類似する指標として知られるROE、またはROAを引き合いに出しながら、ROICの特徴を解説し、ROICを生かした投資術を考えていきましょう。
ROICとは
ROICは投下資本利益率という日本語に置き換えられる言葉であり、元となっている意味は「Return on Invested Capital」です。
この数値を見ることによって、企業の投下資本を生かしてどれくらいの割合の利益を挙げることができているのかを確認することができます。
ROICを算出するための計算式としては、税引後営業利益(NOPAT)÷投下資本を公式として使用することになります。
ここでポイントとなるのは、純利益を計算に取り込むのではなく、NOPATを計算に活用しているという点です。
NOPATとは
ROICを語る上で重要な存在となるNOPATは、「Net Operation Profit After TAX」の略称であり、税引後営業利益と表現することができます。
営業利益は、売上から原価と販売費、一般管理費を差し引いた金額であり、NOPATは、そこからさらに税金を差し引いた金額を求めた結果現れる数字ということになります。
あくまでも本業における結果を重視した数字がNOPATになりますから、それを用いるROICは事業に使ったお金の倍率を推し測るための指標と考えてください。
投下資本についても知っておくことが重要
ROICの計算式の中で使われるもう一つの数字が投下資本です。
投下資本を求めるための計算は第1式と第2式に分かれています。
まず第1式では、有利子負債+株主資本というシンプルな計算式で表すことができ、投下資本には貸付金などの負債が含まれることがわかります。
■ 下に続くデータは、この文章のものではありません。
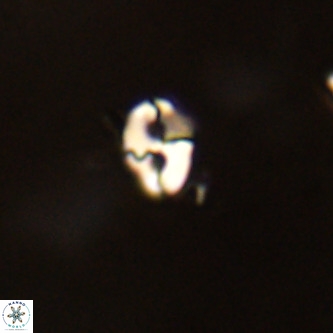 Lanternithus duocavus VR 01004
次に第2式は、賞味運転資本+正味有形固定資産+その他の資産という計算式で成り立たせることが可能です。
ROICでは、税引後の営業利益から、負債を含む投下資本を割った計算を行うことになり、これによって、数値化した上で企業間の数字を見比べることができるようになります。
ROICとROEは何が違うのか
ROEに関してご存知の方は、ROEとROICがどのように違うのか、全く同じものではないのかと疑問に感じるかもしれません。
しかしこの両者には明確な差があります。
ROICの計算で求めるのはNOPAT÷投下資本ですが、ROEはPAT+自己資本という計算式で割り出すため、似ているようで算出される数字は全く異なります。
PATについて
PATは純利益を意味する言葉であり、ここでは当期純利益を計算に用いることになります。
PATには本業で生み出した利益以外にも、営業外損益や特別損益が含まれるので、本業によって生み出された成果だけを判断材料にできないという欠点があります。
会社の中には、本業の利益では振るわない結果だったにも関わらず、投資による収益でバランスを取ることに成功している会社があることも事実です。
ROEだけでは利益を出した要因が本業なのかそれ以外の部門なのかがわかりませんが、ROICを使えば細かい内訳を理解することができます。
株式や不動産の収益は時の運とも考えられますから、会社そのものの実力を推し測る上では、ROICの数値を見たほうがより確度を高められるのです。
ROAもROICとは似て非なる存在
それでは、ROEと頻繁に比較される指標であるROAは、ROICとどのように違うのでしょうか。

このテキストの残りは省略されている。